• [Your goal]: Write out every entry exactly as given, but omit the pictures.

(Data shown begins)

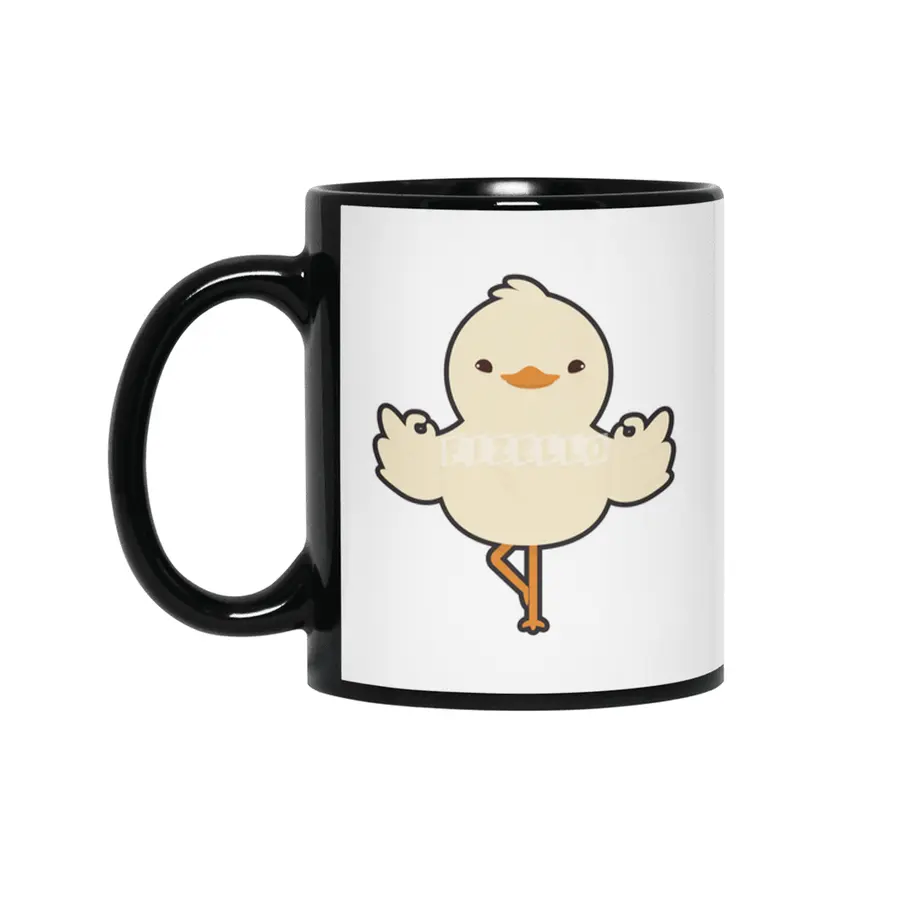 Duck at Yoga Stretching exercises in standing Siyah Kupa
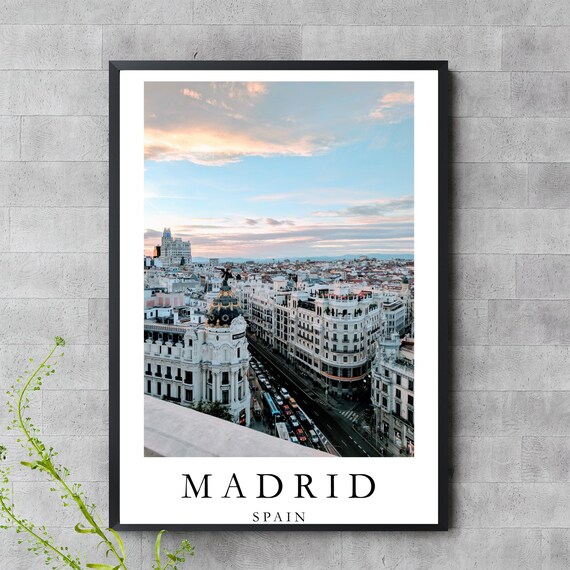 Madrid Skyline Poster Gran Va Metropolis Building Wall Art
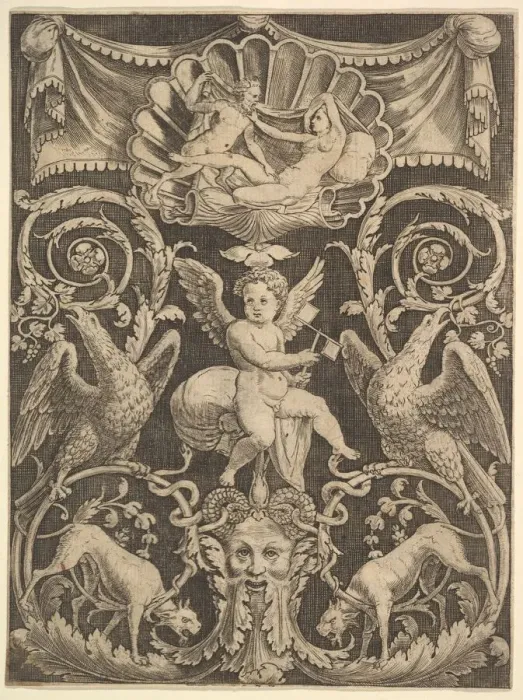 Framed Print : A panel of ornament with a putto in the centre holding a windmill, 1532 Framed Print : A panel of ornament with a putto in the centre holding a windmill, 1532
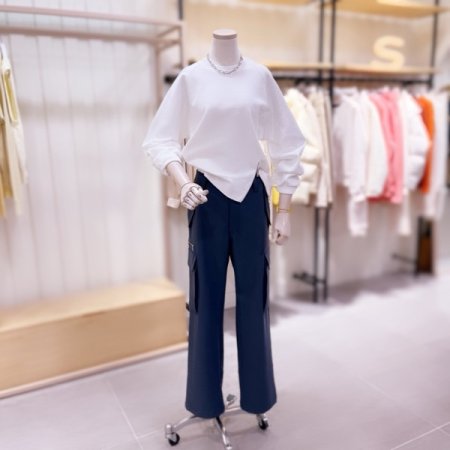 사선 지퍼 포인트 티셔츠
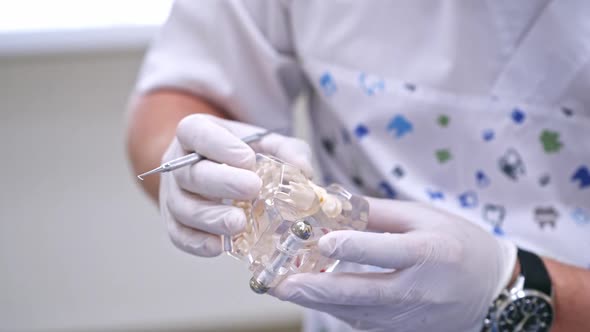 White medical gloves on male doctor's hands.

(Data shown ends)

• [Task output]:
 Duck at Yoga Stretching exercises in standing Siyah Kupa
 Madrid Skyline Poster Gran Va Metropolis Building Wall Art
 Framed Print : A panel of ornament with a putto in the centre holding a windmill, 1532 Framed Print : A panel of ornament with a putto in the centre holding a windmill, 1532
 사선 지퍼 포인트 티셔츠
 White medical gloves on male doctor's hands.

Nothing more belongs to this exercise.